Problem: Repeat the data below exactly, dropping any pictures it holds.

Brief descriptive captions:
◆ ◆ ◆ ◆ ◆ ◆ ◆

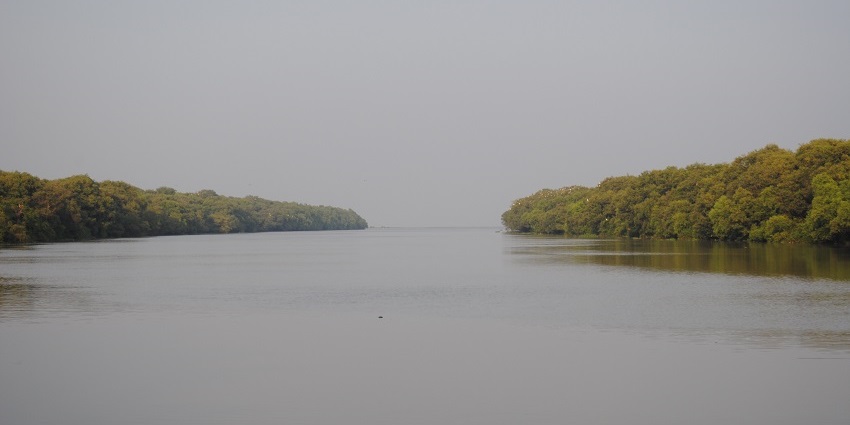 Picturesque view of the serene lake reflecting the blue sky surrounded by lush forests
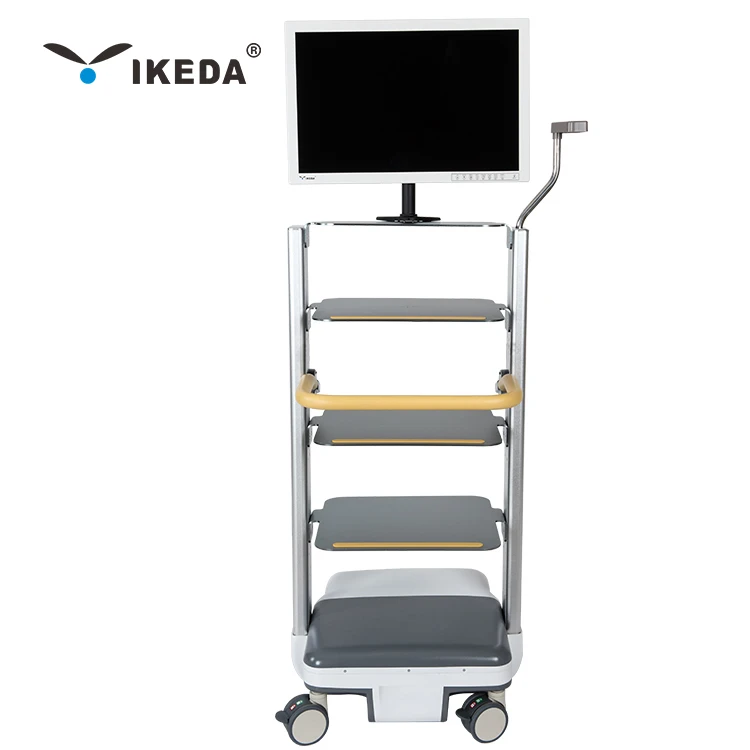 Height adjustable trolley for camera endoscope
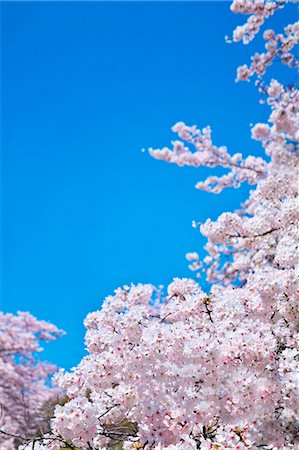 Cherry blossoms Stock Photo - Rights-Managed, Code: 859-07356285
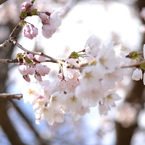 一目千本桜　ソメイヨシノ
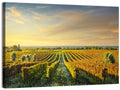 Bolgheri Vineyard Wall Art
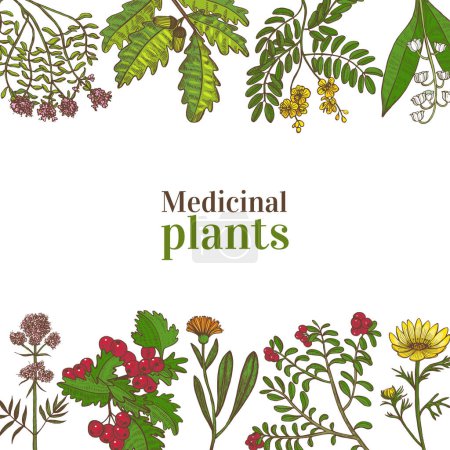 Téléchargez les photos : Modèle coloré avec des plantes médicinales. Composition florale dans un style dessiné à la main pour les bannières Affiches Design de surface Cosmétique. Illustration vectorielle - en image libre de droit
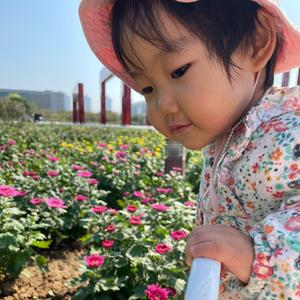 打爆你的秃头头像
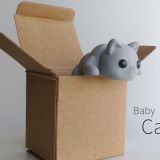 Baby-Cat-2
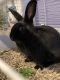 Domestic rabbit Rabbits for sale in 1329 Cleveland Dr, Buffalo, NY 14225, USA. price: $110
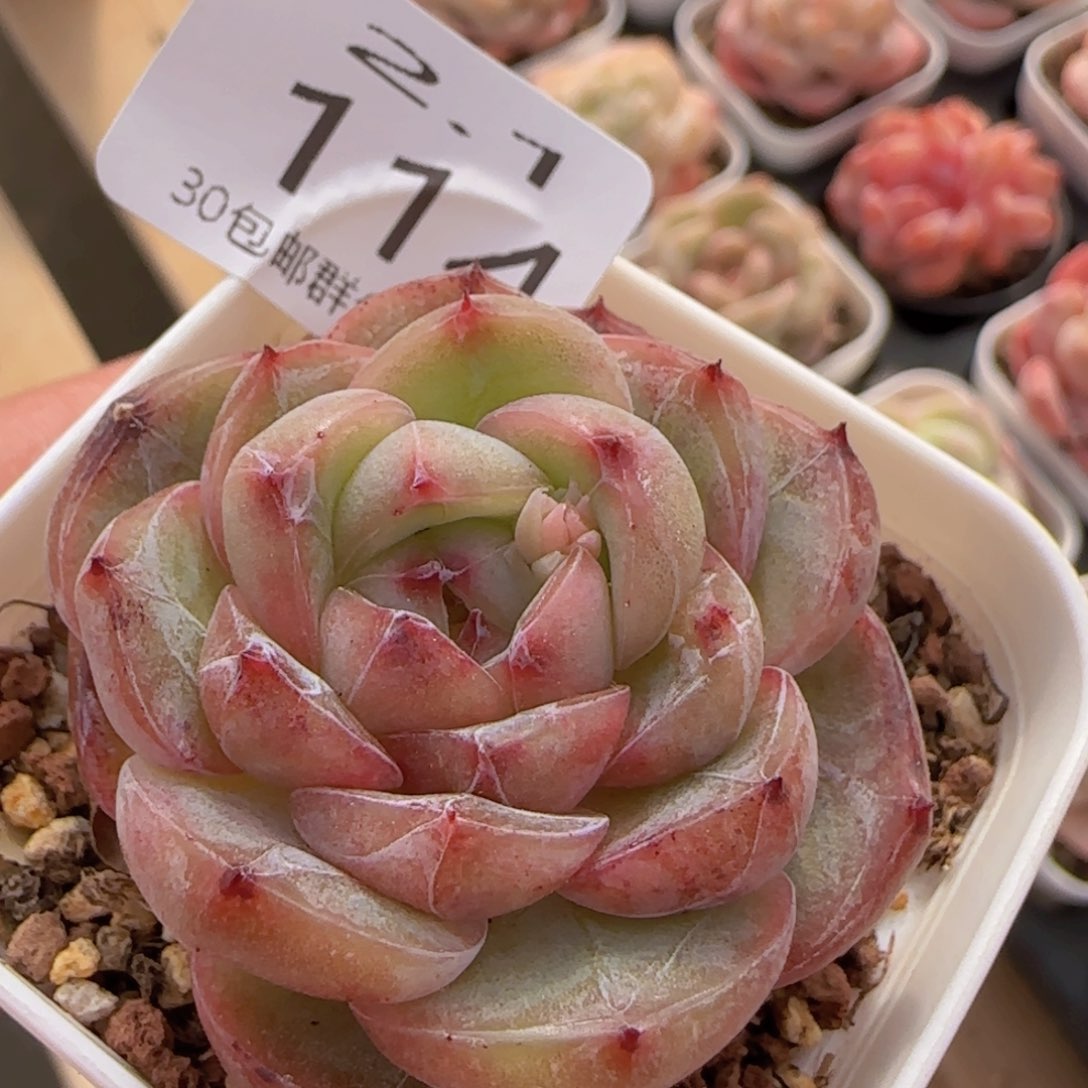 钻石珍妮单头一颗脱土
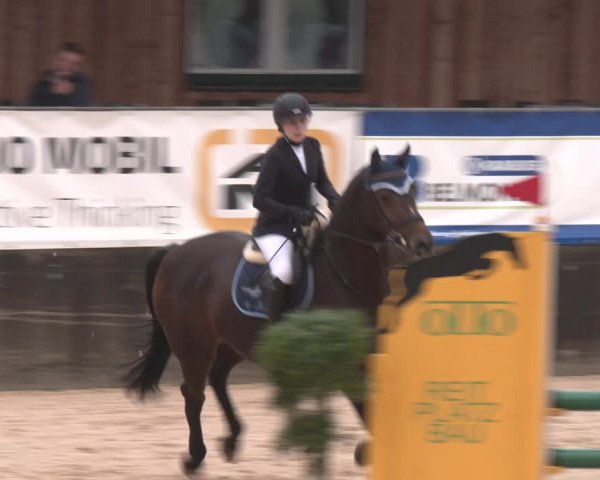 Reitturnier Ranshofen - Braunau am Inn 2023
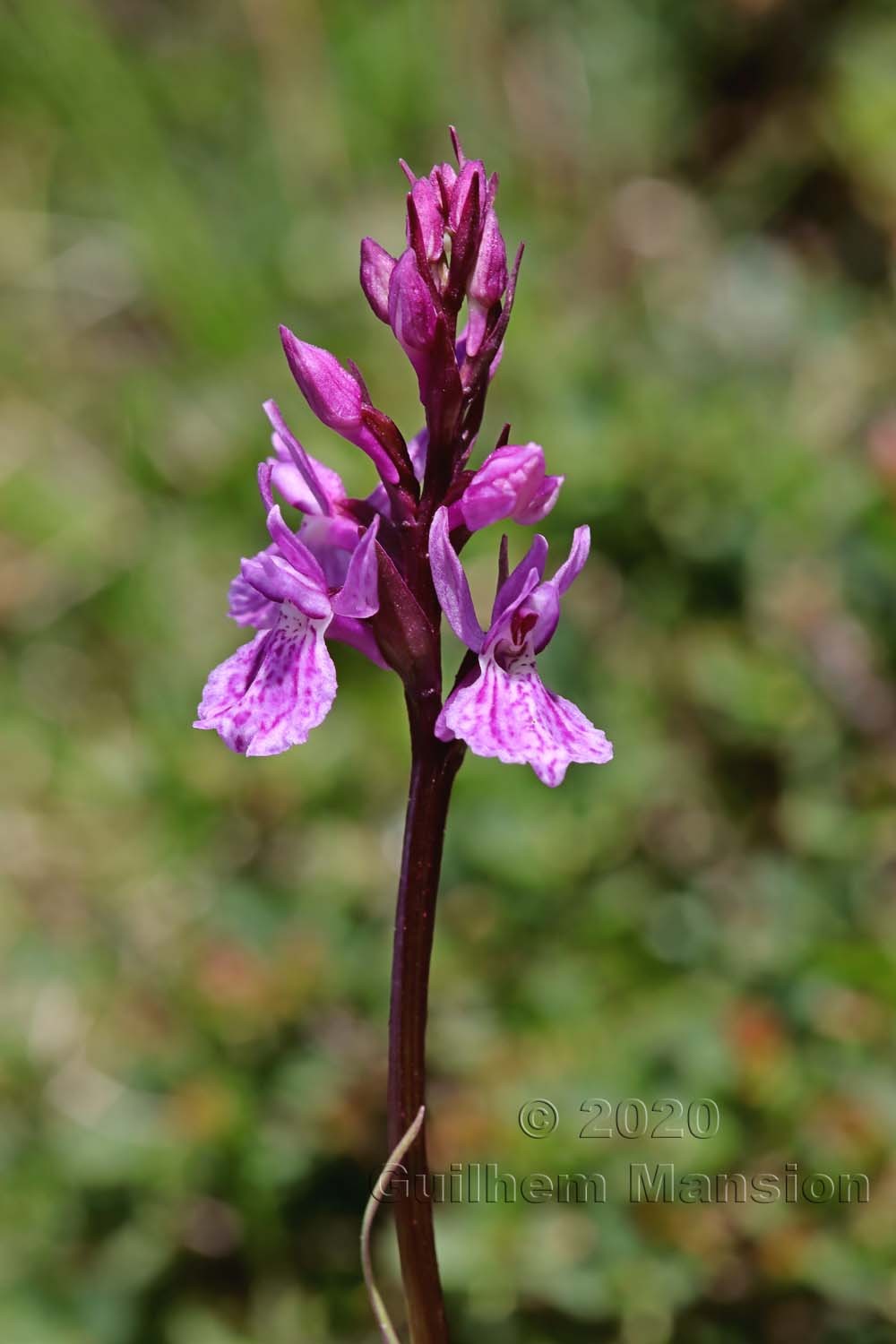 Dactylorhiza fuchsii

◆ ◆ ◆ ◆ ◆ ◆ ◆

Solution:
 Picturesque view of the serene lake reflecting the blue sky surrounded by lush forests
 Height adjustable trolley for camera endoscope
 Cherry blossoms Stock Photo - Rights-Managed, Code: 859-07356285
 一目千本桜　ソメイヨシノ
 Bolgheri Vineyard Wall Art
 Téléchargez les photos : Modèle coloré avec des plantes médicinales. Composition florale dans un style dessiné à la main pour les bannières Affiches Design de surface Cosmétique. Illustration vectorielle - en image libre de droit
 打爆你的秃头头像
 Baby-Cat-2
 Domestic rabbit Rabbits for sale in 1329 Cleveland Dr, Buffalo, NY 14225, USA. price: $110
 钻石珍妮单头一颗脱土
 Reitturnier Ranshofen - Braunau am Inn 2023
 Dactylorhiza fuchsii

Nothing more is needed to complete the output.